La Transizione e la metropoli

A tutti quelli che si chiedono se la Transizione ha senso in una grande città consiglio l’ultimo post di Rob sul gathering appena concluso a Londra. È ovviamente in inglese…

5 commenti
    • Cristiano
      Cristiano dice:

      sì ora che rileggo il post mi rendo conto che poteva trarre in inganno, perdonami ma per noi è abbastanza scontato che di risposte esaustive ce ne siano in giro poche, al massimo ne riparliamo tra 50 anni…

  1. Maurizio De Giorgi
    Maurizio De Giorgi dice:

    Se abbia senso o meno la transizione in una grande citta è un argomento dibattuto, molti sostengono che sia meglio lasciarle non appena possibile per dirigere i propri sforzi in modo migliore, altri che anche in città vale la pena cercare di aumentare la resilienza, l’autosufficienza alimentare ed energetica, costruire le comunità.

    Sono membro di un GAS alle porte di Milano che fa parte del DESR-PASM, dove si cerca di portare avanti progetti che vanno proprio in questo senso. Mi interessava entrare nel merito. Mi ero creato delle aspettative.

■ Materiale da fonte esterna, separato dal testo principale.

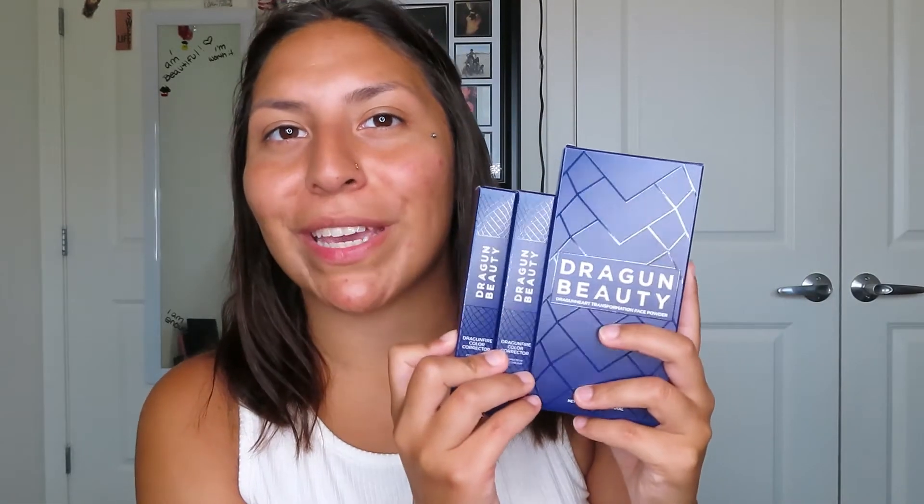Before we get into the actual product, can we just quickly admire the packaging? Because you can actually see the little dragon scales — it is so, so cute.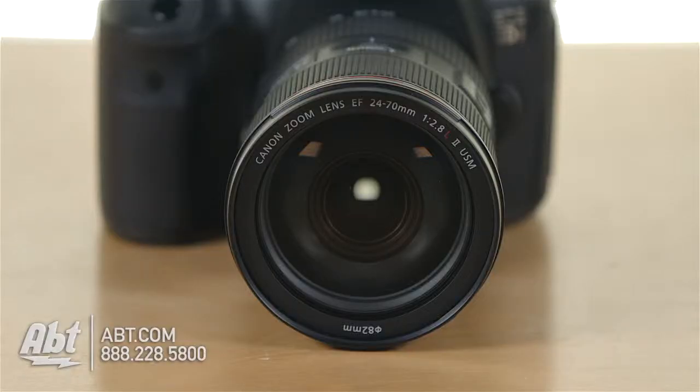It's a 2.8 constant aperture over the whole range, which is a pretty fast aperture — lets in a good amount of light. It's pretty good in low light performance, so you shouldn't need to crank your ISO too much.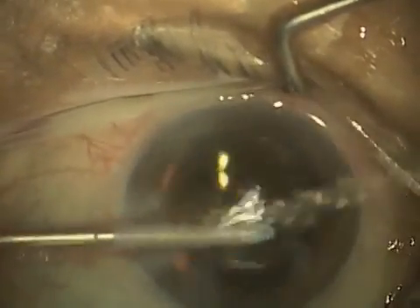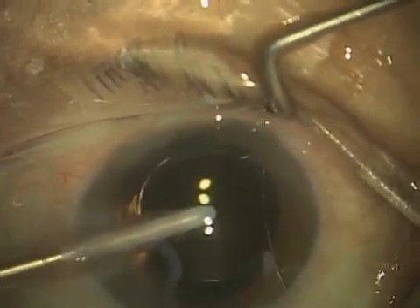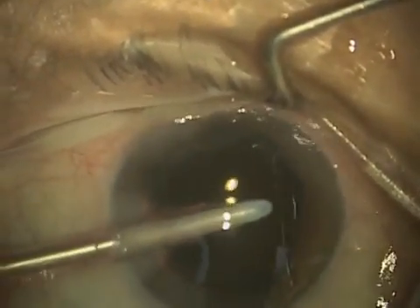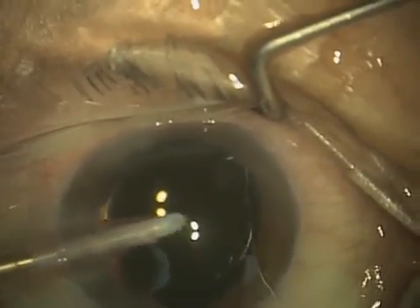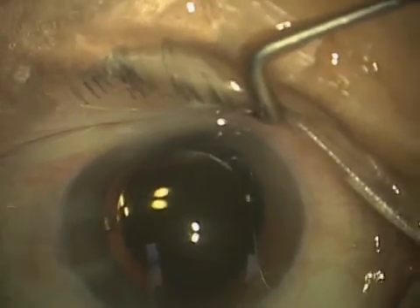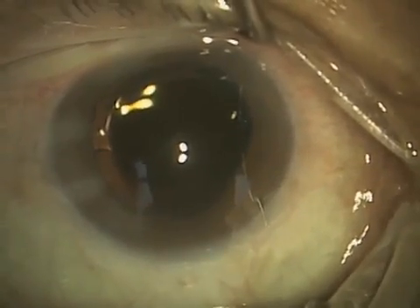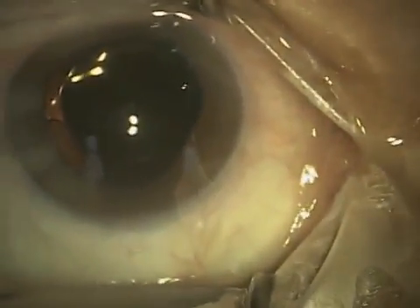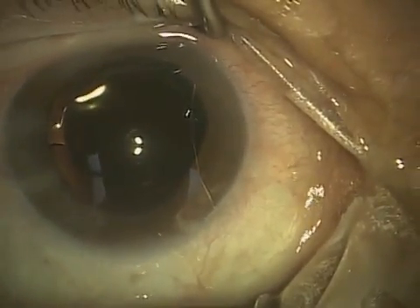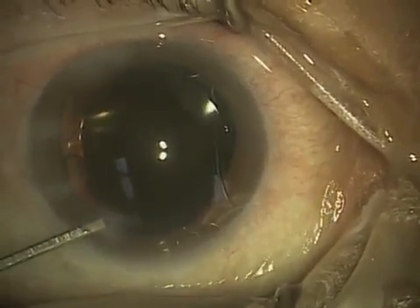Right there you saw I actually took the handpiece and placed the tip behind the lens to remove the viscoelastic that's behind there. Again, not everybody does that because you're placing the tip near the capsular bag, but my concern is that if that viscoelastic is not removed from behind the lens and it's trapped, then you can get a pressure spike, which can put the optic nerve at risk. So as with most things in medicine, it's a matter of weighing the risks versus benefits. In my hands, I think the benefit of removing the viscoelastic from behind the lens is worth doing.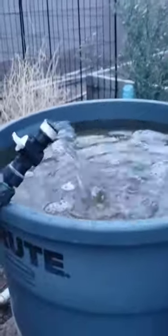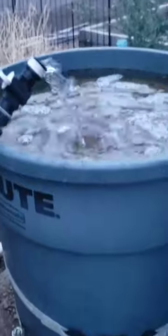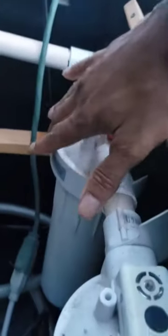The first stage we do for filtering it is through a sand filter. After it goes through the sand filter, we run it through a couple five-micron carbon filters, and we run it through a UV sanitizer.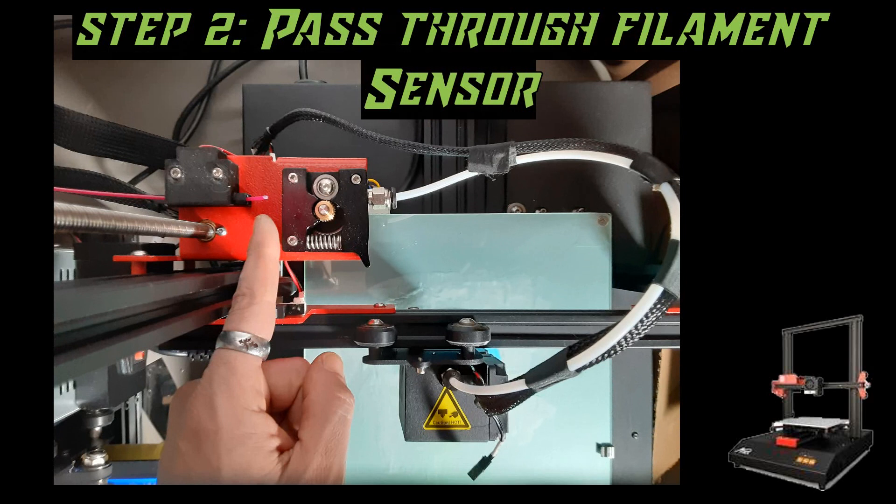The next step is going to be to pass the filament through the filament sensor. You will hear a definitive clicking when you pass through this sensor — that is simply an end stop mechanism letting the sensor know that there is filament inserted. When the filament runs out, you will hear another click as the sensor releases, and that is when it triggers to let the printer know you are out of filament.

    Il lavoro che fai è importante ed utile per tutti, lo seguo con molto interesse. Colgo l’occasione per ringraziarti 🙂

    • Cristiano
      Cristiano dice:

      Maurizio secondo me è la domanda che in realtà è poco utile, la Transizione è un processo e in quanto tale ha sempre senso, ovunque venga messo in atto. Attraverso quel processo le persone arrivano a decidere del proprio futuro e ovviamente non esiste una situazione uguale all’altra. È totalmente inutile chiedersi se le città sopravviveranno o no, che ti importa? Perché dovresti fare la fatica di deciderlo ora? Fai partire il processo e la risposta arriverà da sola.

      Ma tutto questo è spesso difficile da capire perché siamo abituati a preoccuparci delle ricette, dei progetti, non dei processi.

      Per quello che ho capito fin qui, sperimentando sul campo e studiando è che il processo funziona benissimo, non bene, i problemi sono altri, principalmente che per farlo funzionare servono facilitatori molto preparati e non ci sono. Andando ancora oltre, non solo non ci sono, ma per prepararli sevirebbero percorsi che al momento sono difficili da realizzare, in special modo in Italia.

      Nel frattempo quelli che hanno voglia di fare, fanno spesso, in perfetta buona fede e con grande entusiasmo, impegno e dedizione, cose che difficilmente cambieranno il sistema, spesso reinventando la ruota ogni giorno, spesso finendo per rafforzarlo.

      Un abbraccio.

      • Maurizio De Giorgi
        Maurizio De Giorgi dice:

        Nel mio piccolo credo di aver già fatto partire il processo. E’ possibile capire ora come saranno le città? Non credo ma alcuni, come ad esempio Nicole Foss, si sbilanciano nel dare indicazioni (non certezze ovviamente) e le applicano anche per se stessi e per le persone con cui vivono.

        Nella pratica mi importa molto capire qualcosa in più, perchè ho tre figli ed una compagna, ed una casa che potrei vendere per reinvestire il ricavato in una soluzione più resiliente, farlo ora o nel mezzo di una crisi ancora maggiore, potrebbe cambiare di molto grandezze in gioco e quindi le possibilità.

        Dall’altra parte OGGI nelle città o nelle loro vicinanze abbiamo i nostri interessi materiali e familiari, trovi lavori, servizi, cultura, educazione, sanità che in zone remote non sono così disponibili o facilmente accessibili. Ad esempio con tre bimbi piccoli siamo finiti al pronto soccorso diverse volte oppure ho conosciuto famiglie che fanno tutte le mattine 16km (sola andata) per portare la bimba a scuola.

        Spero di non essere tra coloro che pur in perfetta buona fede non cambieranno il sistema ed anzi finiranno per rafforzarlo, ti sarei grato se potessi fare qualche caso concreto per farmi capire.